• _Task statement_
Of the entries below, return only those lines from the line with "5TDKZRFHXKS568854 2019 TOYOTA HIGHLANDER" to the line with "Photo of N784JB", exactly, both included.

• _Dataset excerpts_
□ □ □ □

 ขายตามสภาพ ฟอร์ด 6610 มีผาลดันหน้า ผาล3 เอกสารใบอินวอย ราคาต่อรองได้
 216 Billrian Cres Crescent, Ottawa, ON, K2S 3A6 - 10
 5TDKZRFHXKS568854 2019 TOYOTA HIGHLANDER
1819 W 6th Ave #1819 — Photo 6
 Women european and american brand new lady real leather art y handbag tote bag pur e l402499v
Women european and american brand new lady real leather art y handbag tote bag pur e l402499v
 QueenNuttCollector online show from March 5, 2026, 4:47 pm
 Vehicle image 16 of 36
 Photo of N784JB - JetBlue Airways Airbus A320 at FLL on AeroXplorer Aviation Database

□ □ □ □

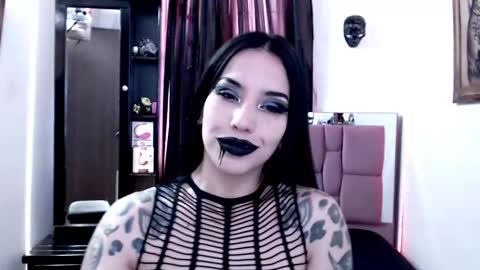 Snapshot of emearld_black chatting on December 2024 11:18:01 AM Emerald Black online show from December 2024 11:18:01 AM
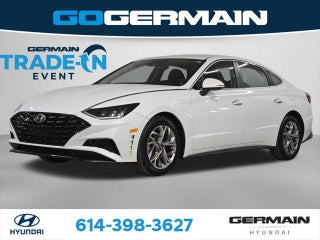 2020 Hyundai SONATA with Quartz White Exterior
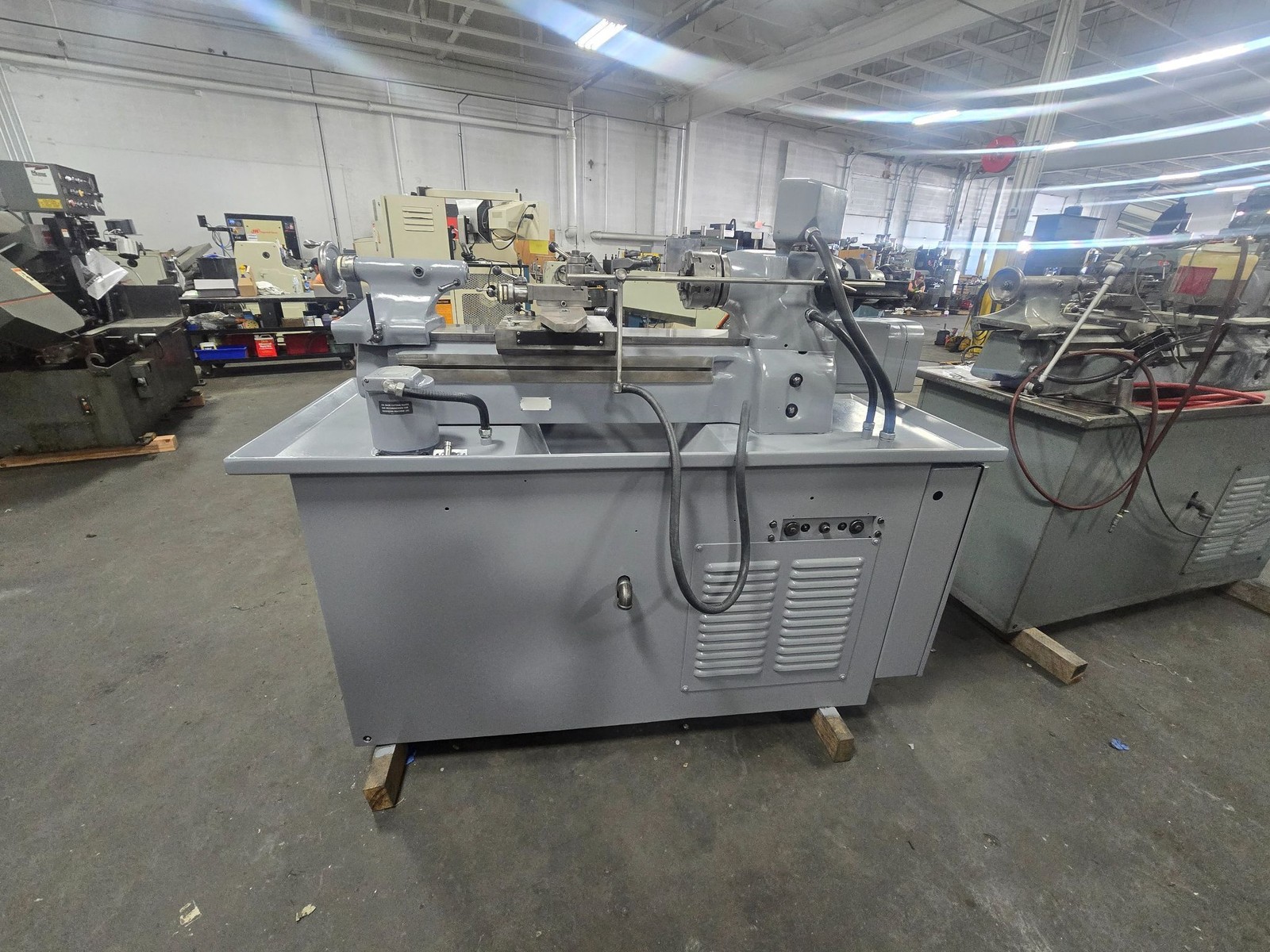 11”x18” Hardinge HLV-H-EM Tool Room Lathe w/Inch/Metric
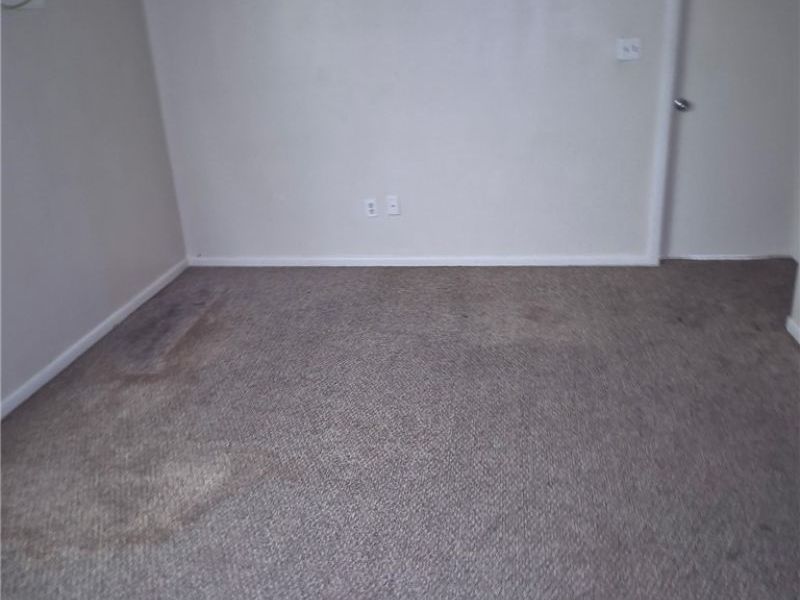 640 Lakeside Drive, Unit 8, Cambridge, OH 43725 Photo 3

□ □ □ □

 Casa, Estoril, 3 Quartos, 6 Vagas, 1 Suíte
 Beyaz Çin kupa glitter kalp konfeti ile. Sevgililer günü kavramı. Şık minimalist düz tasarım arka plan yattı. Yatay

□ □ □ □

• _Completed task_
 5TDKZRFHXKS568854 2019 TOYOTA HIGHLANDER
1819 W 6th Ave #1819 — Photo 6
 Women european and american brand new lady real leather art y handbag tote bag pur e l402499v
Women european and american brand new lady real leather art y handbag tote bag pur e l402499v
 QueenNuttCollector online show from March 5, 2026, 4:47 pm
 Vehicle image 16 of 36
 Photo of N784JB - JetBlue Airways Airbus A320 at FLL on AeroXplorer Aviation Database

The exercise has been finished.